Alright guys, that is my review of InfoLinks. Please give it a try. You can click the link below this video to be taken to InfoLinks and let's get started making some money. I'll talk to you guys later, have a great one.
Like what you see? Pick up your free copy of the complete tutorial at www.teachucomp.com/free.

---

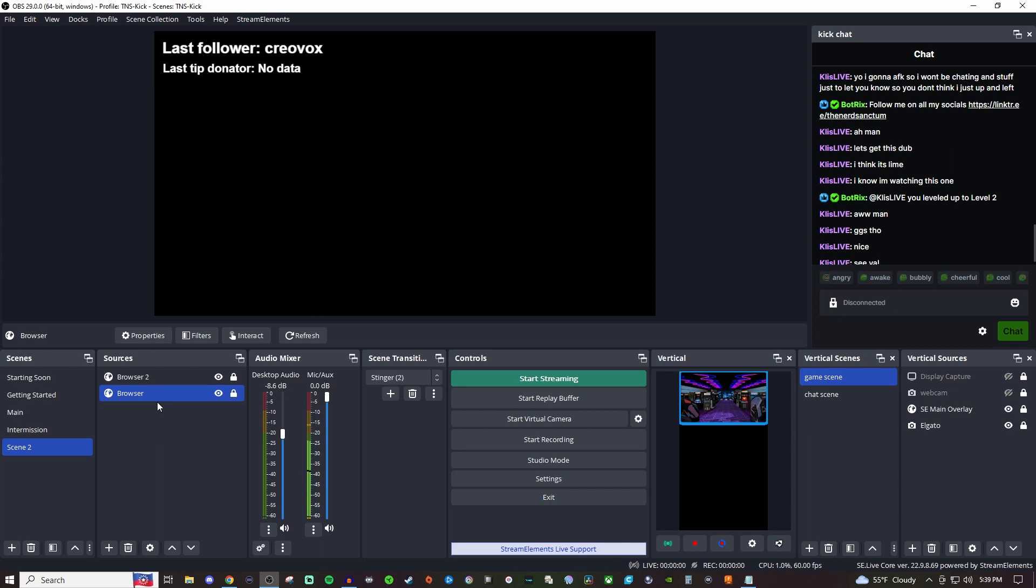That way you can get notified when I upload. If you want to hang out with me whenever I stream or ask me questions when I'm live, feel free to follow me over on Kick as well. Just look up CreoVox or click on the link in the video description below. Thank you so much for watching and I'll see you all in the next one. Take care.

Aim of the exercise: Quote the data above from the line containing "Alright guys, that" to the line containing "Like what you", inclusive, and stop.

Your response:
Alright guys, that is my review of InfoLinks. Please give it a try. You can click the link below this video to be taken to InfoLinks and let's get started making some money. I'll talk to you guys later, have a great one.
Like what you see? Pick up your free copy of the complete tutorial at www.teachucomp.com/free.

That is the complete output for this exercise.